Douglas Rushkoff : online
Gathered together beneath the chandeliers of the Beverly Hilton’s main ballroom earlier this year, Hollywood’s best and brightest (dressed, anyway) had paid about $1 500 each to rub elbows with the interactive media-makers who would soon, they feared, replace them.
Meanwhile, a demonstration floor crowded with technology from Compaq and other Silicon Valley behemoths offered a platform for sales reps seeking to hook the contracts a digital Hollywood would surely spawn.
The purpose of this conference was to orient the entertainment industry to the promise of networking technology. The consensus of the group was that there was money to be made on the Net – most probably by taking the content and talent they owned and repackaging it for the online environment. Conversely, those who chose to ignore the coming digital revolution knew they would only suffer the slow, certain death of obsolescence.
I had the dubious pleasure of addressing this conference, suitably entitled Networked Entertainment World. If only I hadn’t been asked to speak first, I may not have felt so compelled to dash their hopes. “Networked entertainment is an oxymoron,” I proclaimed. Indeed, entertainment literally means “to hold within”, while networking is to branch out.
A studio executive equated this argument with the anti-technology rhetoric of the Unabomber. Little did he realise that he was the one turning back the clock by insisting that the Internet reduce itself to just another content delivery system.
The rush to converge the Internet (a communications medium) with television (a programming medium) is ill-founded and ill- fated. I don’t want to watch TV at my desk, and I don’t want to send e-mail from the couch. TV could be considered a “yin” experience – a passive acceptance of entertainment programming.
The Net is a “yang” experience. Even when we use the Net to make a purchase, the sensation is that of moving out through the networks and procuring objects.
The power of the Internet is its ability to foster communication between people – networking. It’s not the content that makes networking so special and the Net so engaging – it’s the living human beings.
Likewise, TV is fine just the way it is.
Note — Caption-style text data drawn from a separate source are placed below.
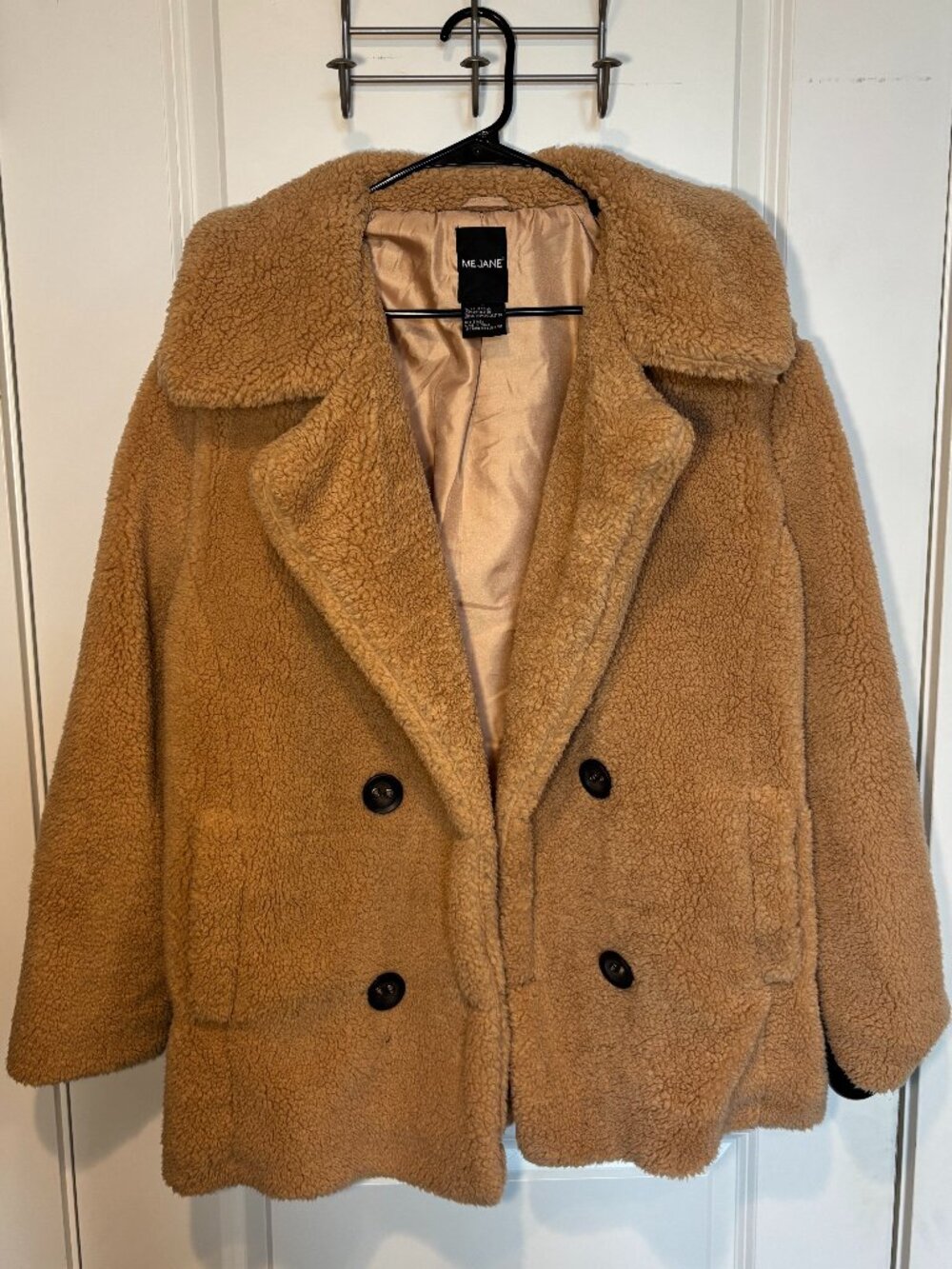 Me Jane Faux Fur Jacket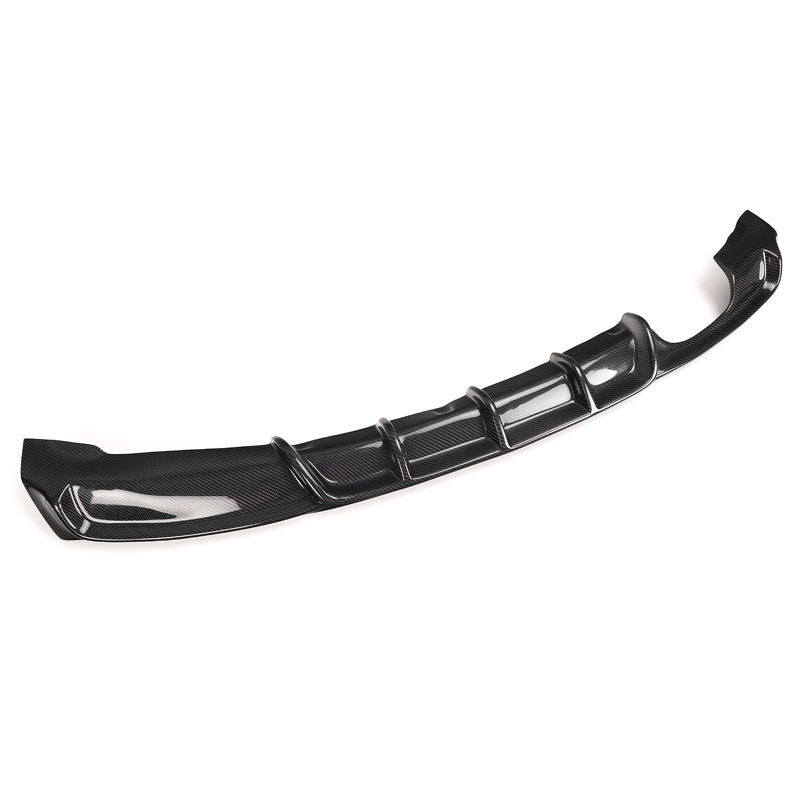 BMW 3 Series F30 / F31 Carbon Fibre Rear Bumper Diffuser Twin Exhaust (2012-2019)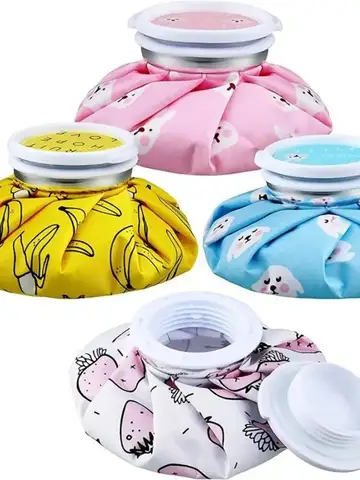 Water Filling Cloth Ice Pack Cartoon Cute Cooling Ice Pack Cold And Hot Physiotherapy Exercise Physical Cooling Cloth Ice Pack
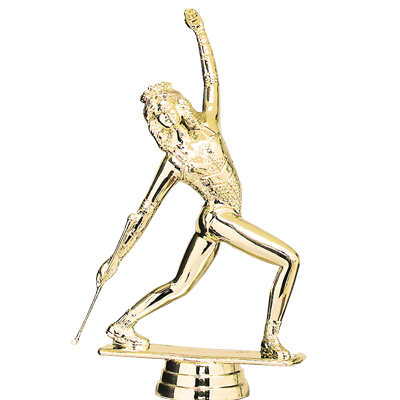 Trophée Personnalisé Figurine 144-41-D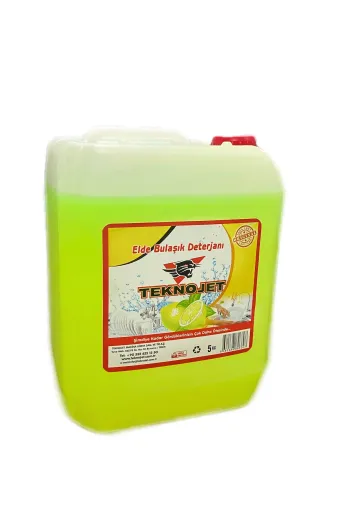TEKNOJET Elde bulaşık deterjanı 5 kg Elde Bulaşik Deterjani 5 Kg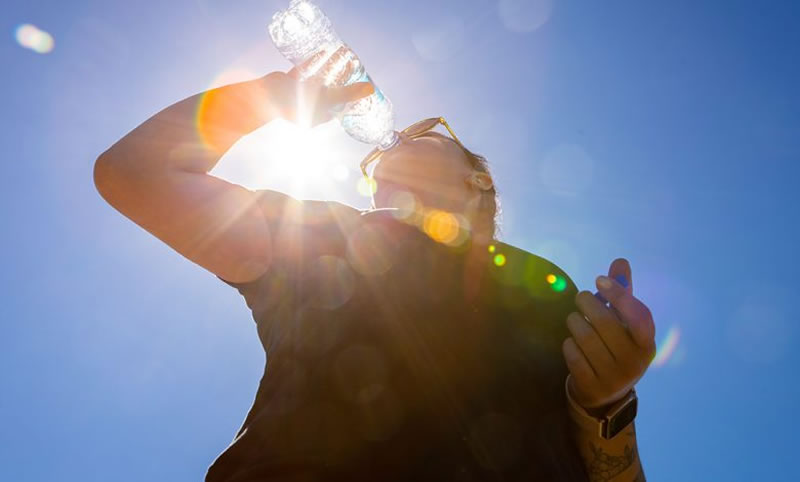 Alerta por calor extremo en gran parte del país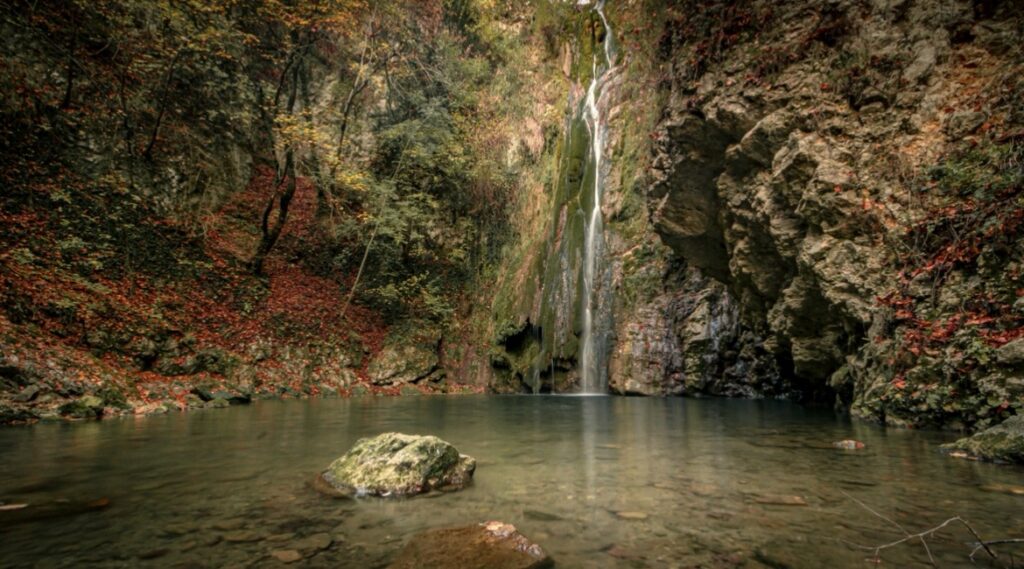 Cascade de la Lubiane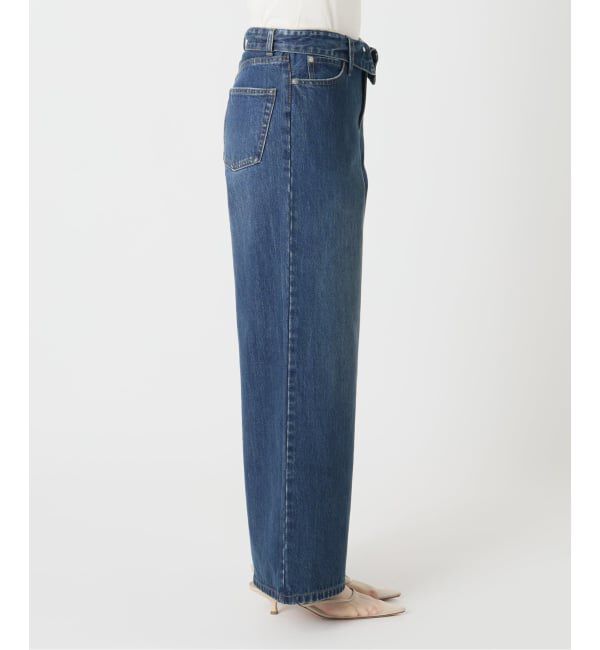 Plage「《予約》Turn belt デニムパンツ」|デニム|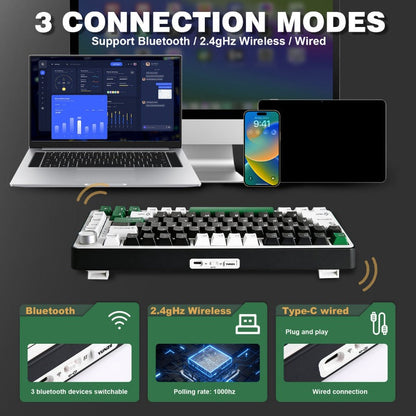 YUNZII B75 Pro Gasket Mechanical Keyboard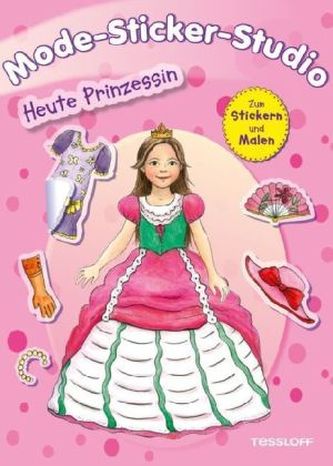 Mode-Sticker-Studio, Heute Prinzessin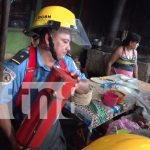 Foto: Bomberos realizan inspecciones en mercados /TN8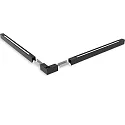 ISOLED L-connector LINKLINE50, black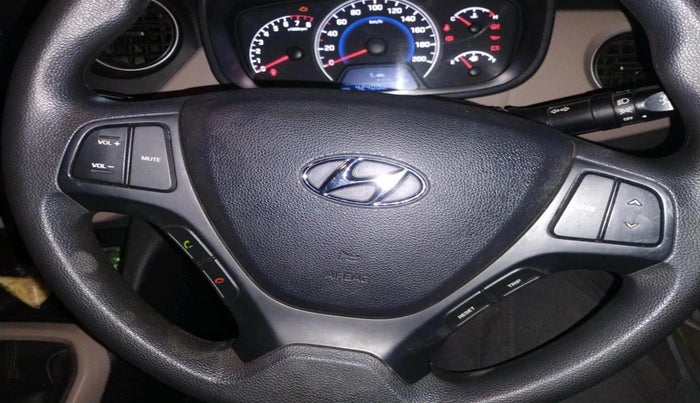 2019 Hyundai Grand i10 MAGNA 1.2 KAPPA VTVT, Petrol, Manual, 43,000 km, interior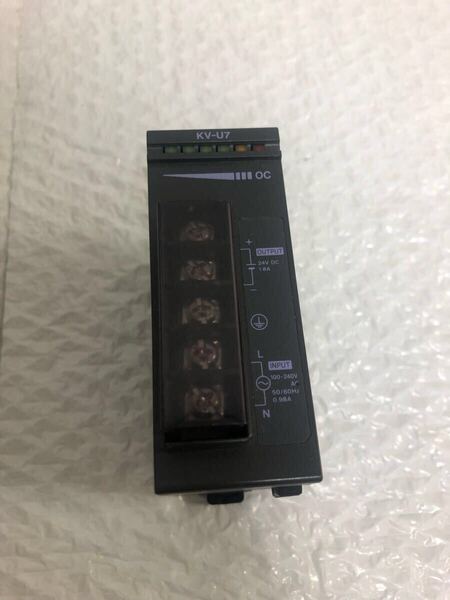 中古美品KEYENCE キーエンスKV-U7正規品動作保証 国内から即日発送 3/3 A-1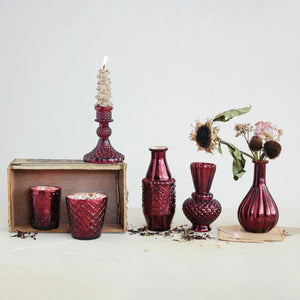 Ruby Candle Holder
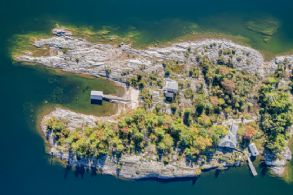 Kindersley Island, Cognashene, Ontario - Country homes for sale and luxury real estate including horse farms and property in the Caledon and King City areas near Toronto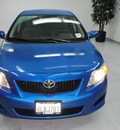 toyota corolla 2010 blue sedan le gasoline 4 cylinders front wheel drive automatic 91731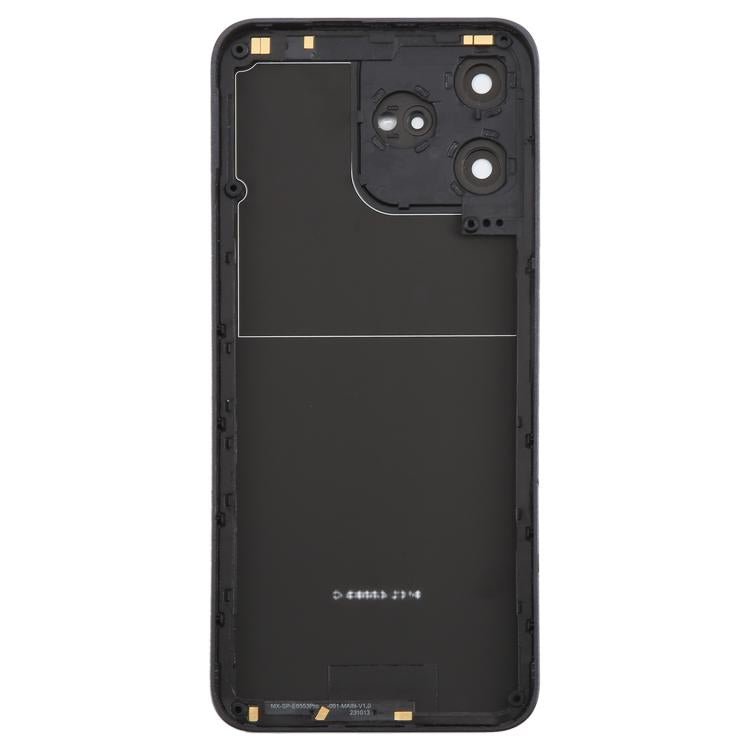 For ZTE Axon 50 Lite 8050 Glass Battery Back Cover with Middle Frame / Camera Lens Cover, For ZTE Axon 50 Lite(with Middle Frame) - ORIWHIZ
No matter how much we all complain about the quality of today’s programmes, after a long day of sitting at the computer most of us would prefer to shut it off and then collapse on the couch. We use the TVremote control to escape bad programmes. The object is to find something good and toss the remote aside.
A “Web TV” interface might allow us to choose a movie from a menu rather than going to the store, but that’s hardly “networked entertainment”. It’s just an electronic TV listing.
If networking is about contact, and entertainment is about content, then how can the two be combined? The best examples of networked entertainment I’ve seen are interactive gaming sites. Players can log on to networks and play with or against one another. Most of these sites allow players to chat with one another.
The appearances by famous guests in AOL “auditoriums” also provide entertaining group experiences for those who participate. Although the guest celebrity could be seen as the “content”, the potential for live interaction with him or one’s fellows in the stalls provides the networked context.
If Hollywood hopes to venture into networked entertainment, its developers must think of themselves more as the hosts of parties than the providers of content. They will have to come up with new ways to stage more of the “be-ins” that give the Internet its character.
Until they do, I’ll look for my entertainment on the TV.